§ **Supplied information**
--------
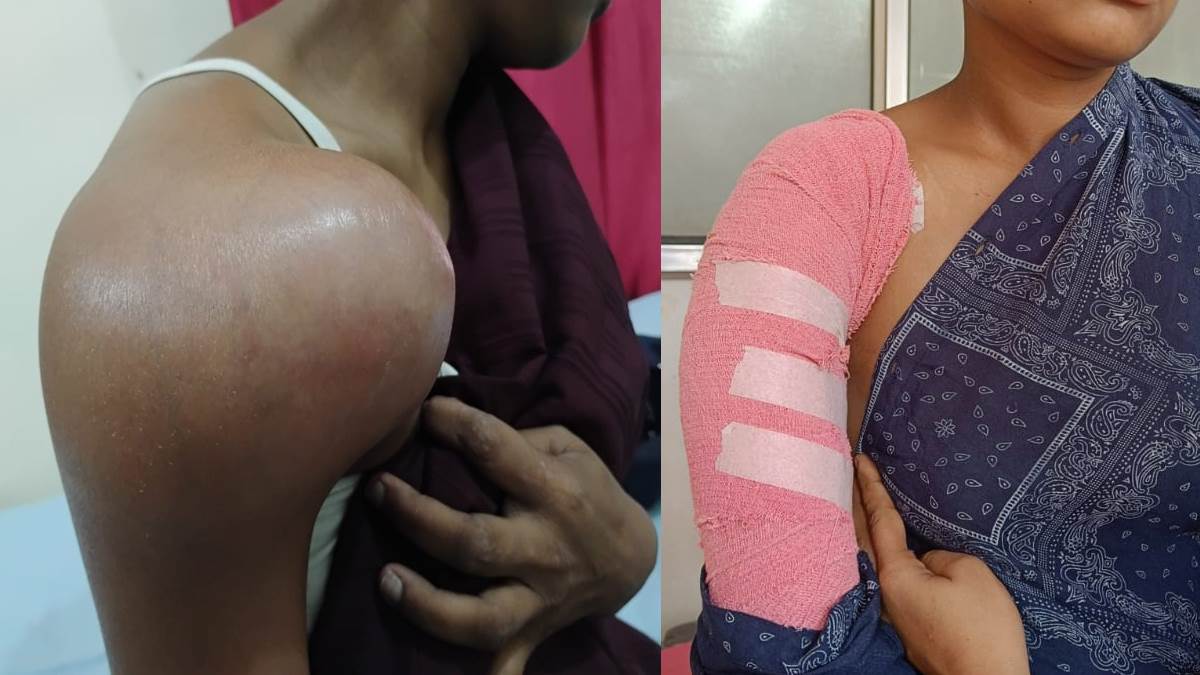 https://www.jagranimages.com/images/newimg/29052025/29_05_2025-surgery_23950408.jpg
--------
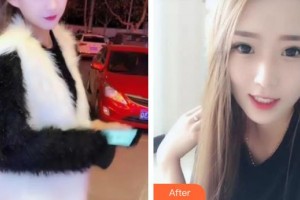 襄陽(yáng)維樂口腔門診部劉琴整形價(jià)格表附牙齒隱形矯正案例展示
--------
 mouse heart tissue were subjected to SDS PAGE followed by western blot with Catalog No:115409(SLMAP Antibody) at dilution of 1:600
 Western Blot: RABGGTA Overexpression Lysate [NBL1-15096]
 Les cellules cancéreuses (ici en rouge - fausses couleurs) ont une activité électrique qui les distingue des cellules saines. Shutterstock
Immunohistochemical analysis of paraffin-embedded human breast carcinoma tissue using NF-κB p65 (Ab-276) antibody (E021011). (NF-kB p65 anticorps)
--------
§ **Assignment**
Check each line above for the string "tissue" and copy the ones that have it.

§ **Reply to the exercise**
 mouse heart tissue were subjected to SDS PAGE followed by western blot with Catalog No:115409(SLMAP Antibody) at dilution of 1:600
Immunohistochemical analysis of paraffin-embedded human breast carcinoma tissue using NF-κB p65 (Ab-276) antibody (E021011). (NF-kB p65 anticorps)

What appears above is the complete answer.